-- Data extracts follows --

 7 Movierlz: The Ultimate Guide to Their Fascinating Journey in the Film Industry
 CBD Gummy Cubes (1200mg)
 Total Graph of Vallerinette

-- Data extracts concluded --
-- Data extracts follows --

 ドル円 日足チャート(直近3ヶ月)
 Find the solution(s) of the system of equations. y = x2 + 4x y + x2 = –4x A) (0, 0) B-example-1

-- Data extracts concluded --
-- Data extracts follows --

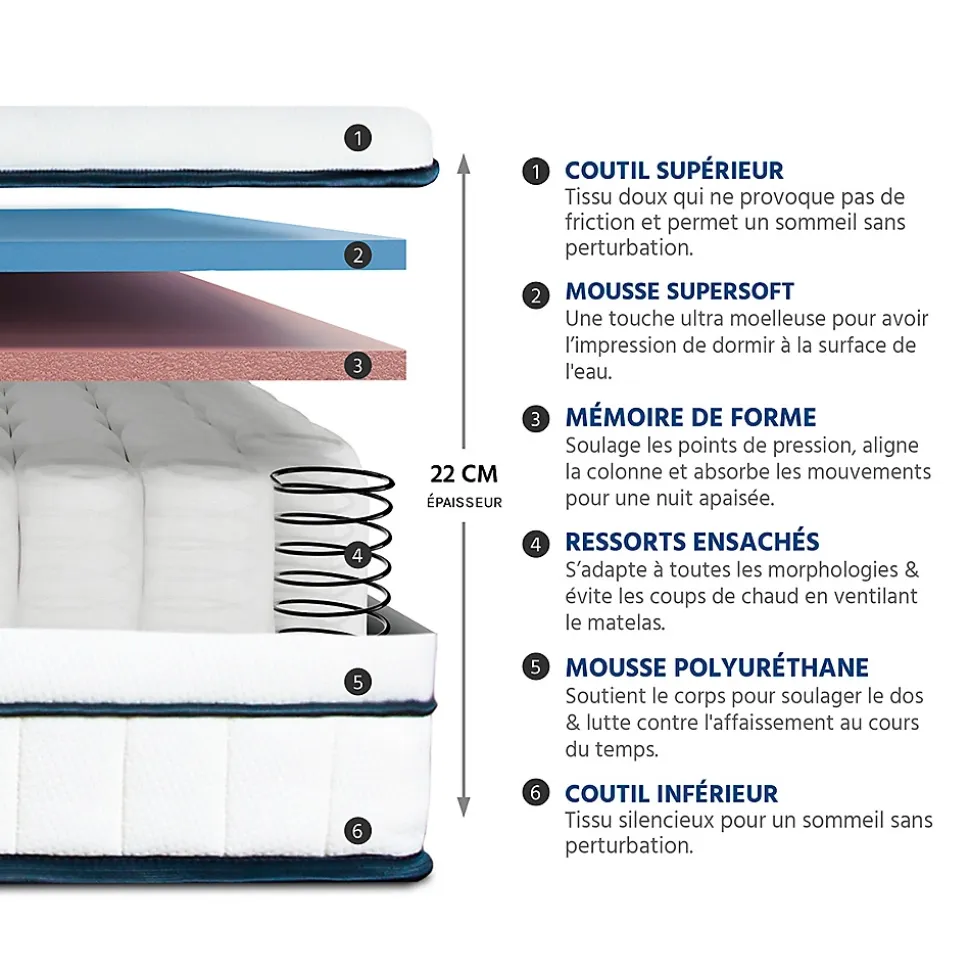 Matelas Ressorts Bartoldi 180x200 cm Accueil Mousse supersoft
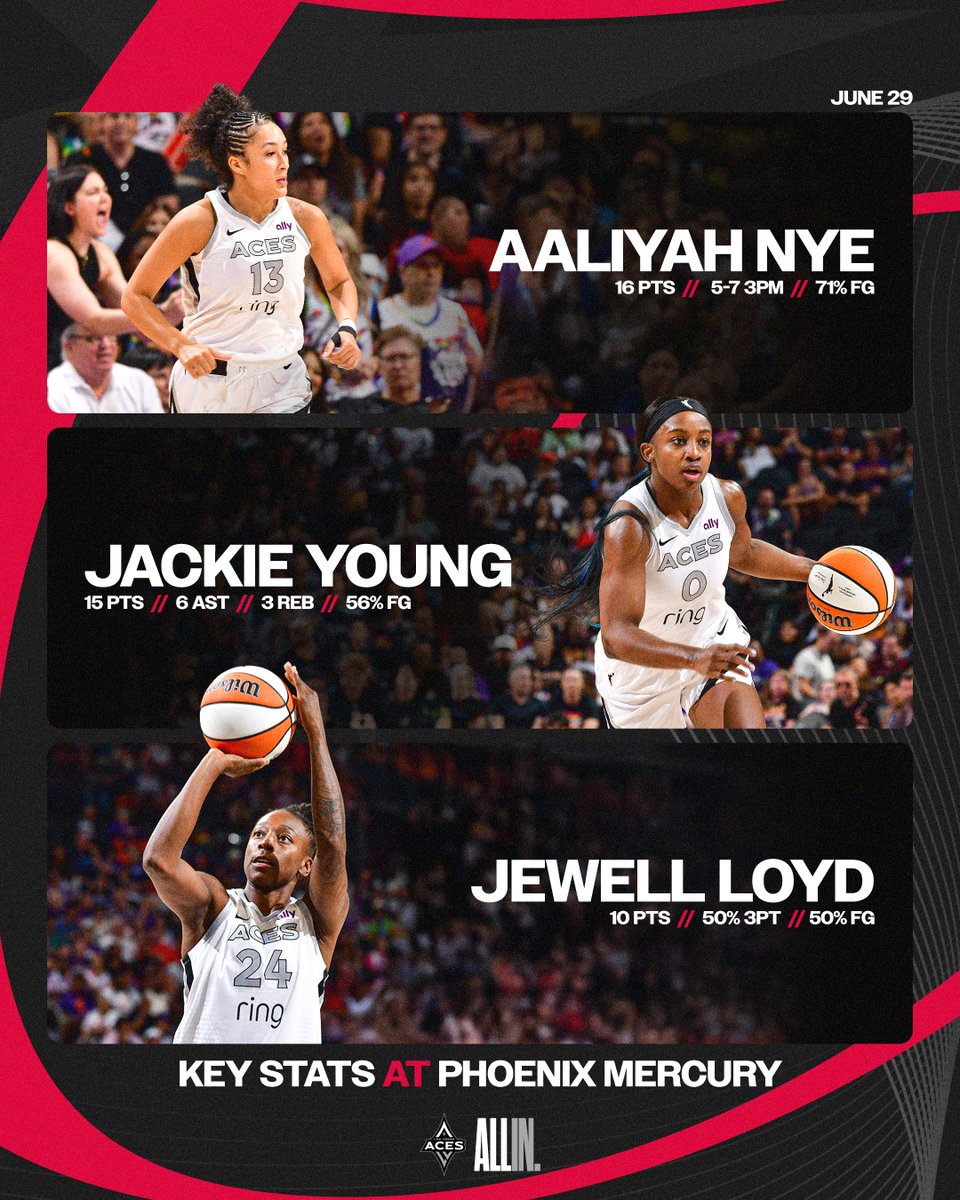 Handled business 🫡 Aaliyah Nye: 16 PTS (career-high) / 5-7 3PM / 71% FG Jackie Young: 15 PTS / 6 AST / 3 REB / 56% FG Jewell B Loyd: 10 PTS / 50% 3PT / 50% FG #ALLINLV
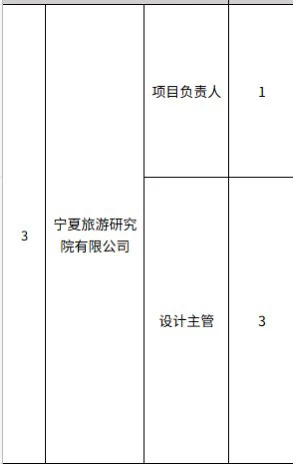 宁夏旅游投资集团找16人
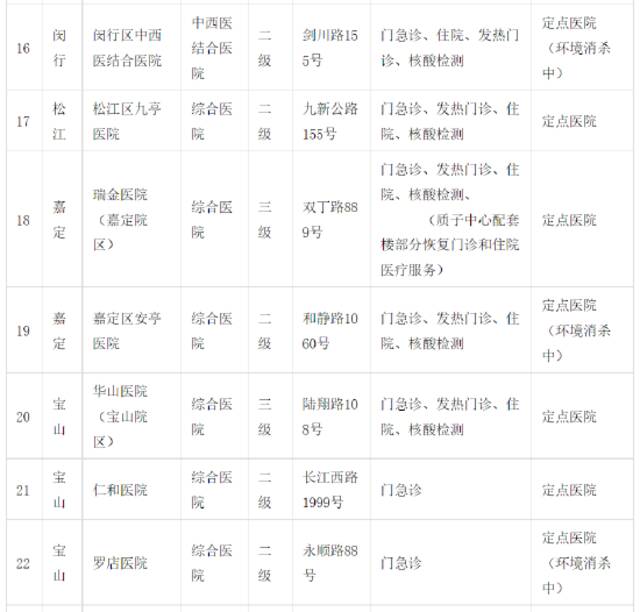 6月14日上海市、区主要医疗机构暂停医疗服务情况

-- Data extracts concluded --

» Task goal
Looking at the listing above, which lines run from the one containing "Matelas Ressorts Bartoldi" through the one containing "6月14日上海市、区主要医疗机构暂停医疗服务情况"? Print exactly those, ends included, pictures excluded.

» Task answer
 Matelas Ressorts Bartoldi 180x200 cm Accueil Mousse supersoft
 Handled business 🫡 Aaliyah Nye: 16 PTS (career-high) / 5-7 3PM / 71% FG Jackie Young: 15 PTS / 6 AST / 3 REB / 56% FG Jewell B Loyd: 10 PTS / 50% 3PT / 50% FG #ALLINLV
 宁夏旅游投资集团找16人
 6月14日上海市、区主要医疗机构暂停医疗服务情况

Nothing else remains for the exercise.